Music

Taylor Swift Just Released A Folklore Bonus Track & Here's What You Need To Know

Let's unpack "the lakes" lyrics.

Taylor Swift Finally Released Her 'Folklore' Bonus Track, 'The Lakes'
Daniele Venturelli/WireImage/Getty Images

If you thought your tear ducts were already exhausted after listening to Taylor Swift's new album folklore on repeat, you have another thing coming. The singer is back to give fans one last emotional punch (in the best way possible). Taylor Swift finally released "the lakes," her bonus Folklore song, and it's now available to stream and listen to on every major platform, including Spotify and YouTube.

When Swift surprised fans with folklore on Thursday, July 23, she also revealed that the physical editions of the album would include an exclusive bonus track, "the lakes." Now, just over a week after the CD became widely available at stores, the singer has announced that "the lakes" is now available to download and stream from Spotify and Apple Music, as part of the deluxe edition of folklore. She even released an accompanying lyric video to YouTube. And, of course, fans are already deciphering their meaning.
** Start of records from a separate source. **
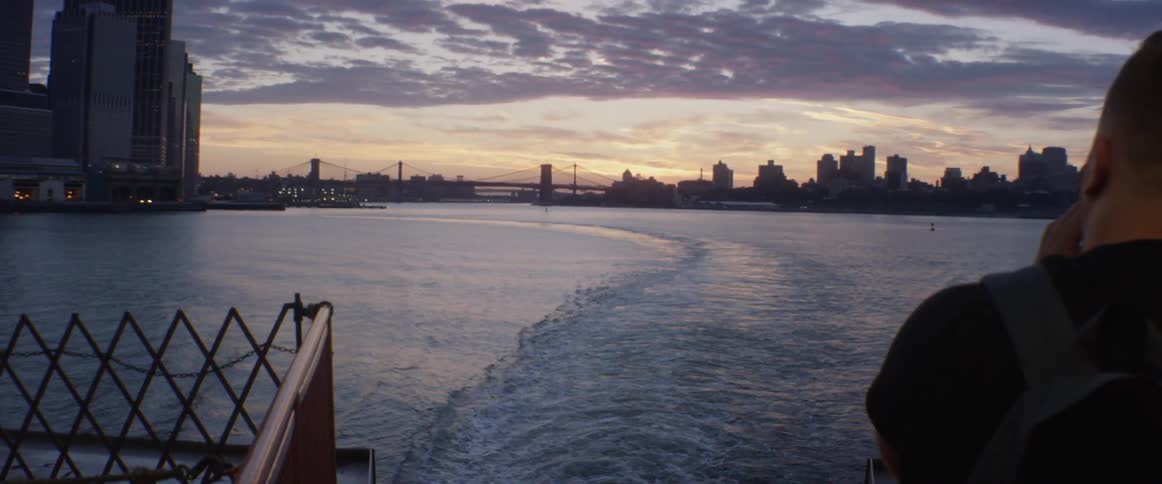 View from the back of a boat of a city as the sun sets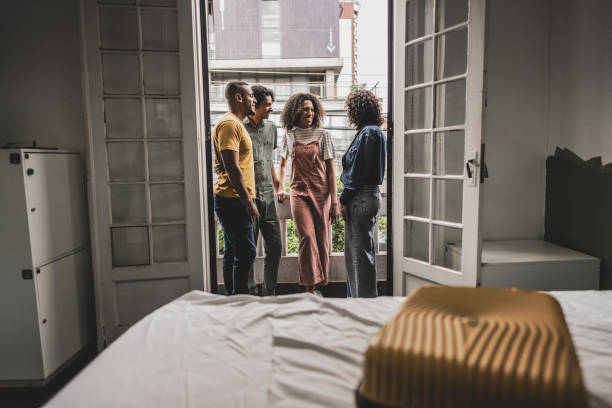 istock Friends talking at hostel room 1780471361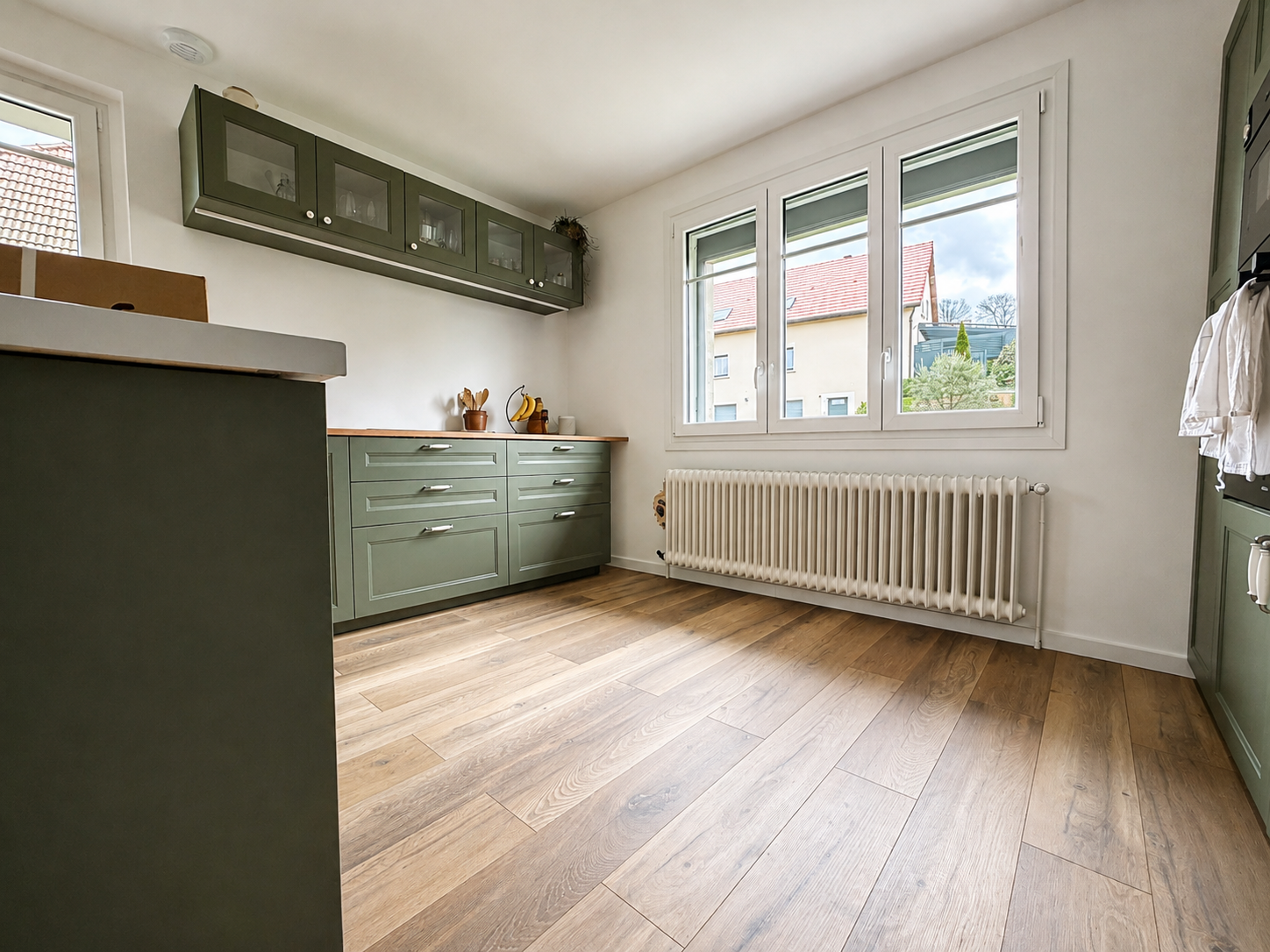 Cuisine moderne avec des armoires vertes, un plan de travail en bois, un radiateur blanc sous une grande fenêtre avec vue sur des maisons voisines, et un sol en parquet clair.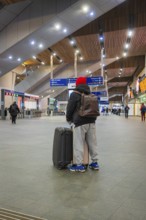 A person in a train station with luggage, modern interior and signpost in the background, London,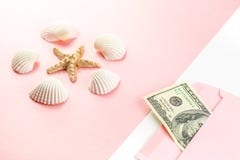 Money in a pink envelope, starfish, seashells on a blue background. Travel budget. Copy space, top view. stock photos Money in a pink envelope, starfish, seashells on a blue background. Travel budget. Copy space, top view. stock photos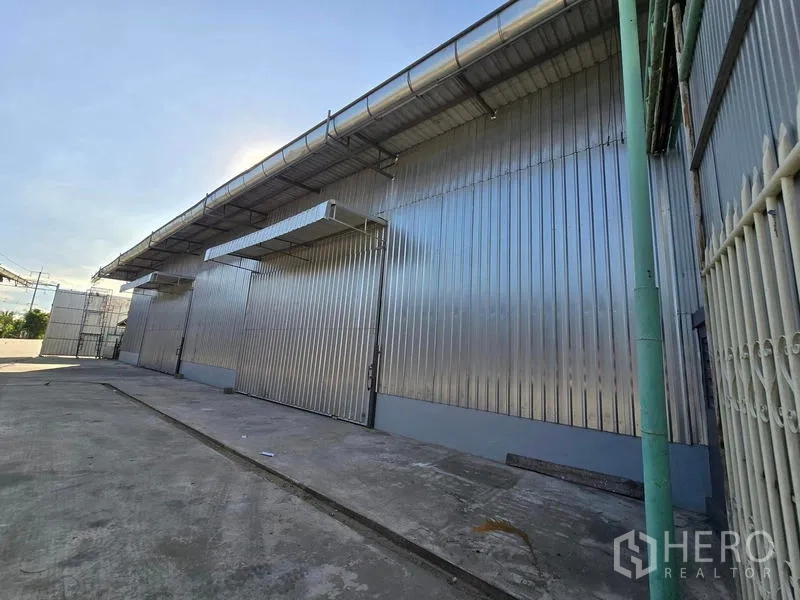 货栈 出租在Sai Noi, Nonthaburi - 波纹金属墙体侧立面，可见多处服务门、排水天沟与硬化院坪。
On "the lakes," Swift fantasizes about romantic poetry on the song as she reconciles with the feeling that she doesn't fit into this world. "Take me to the lakes, where all the poets went to die / I don't belong and, my beloved, neither do you," Swift sings on the track, which fans think could be directed at her boyfriend Joe Alwyn. "Those Windermere peaks look like a perfect place to cry / I'm setting off, but not without my muse."

The "Windermere peaks" she mentions actually represents the mountainous Lake District of England, where several 19th century poets traveled and where Swift spends time with her British beau Alwyn. This connects the track to another personal song on her album — she also referenced Windermere lake once on the folklore track "Invisible String." In fact, Alwyn himself recent posted a stunning snapshot of himself at the top of the mountainous lake region on Instagram, leading fans to believe that Swift used her man as an easter egg to tease the release of her new track. She is a very clever marketer, after all.

The track may very well be about Alwyn, but fans also suspect that "the lakes" references her ongoing battle with Scooter Braun, who famously bought the masters of Swift's first six albums, much to her public disapproval. "I've come too far to watch some namedropping sleaze tell me what are my words worth," she sings during the second verse. Well, if the fact that folklore is already the best-selling album of 2020 is any indication, Swift's words are worth a lot — and she knows it.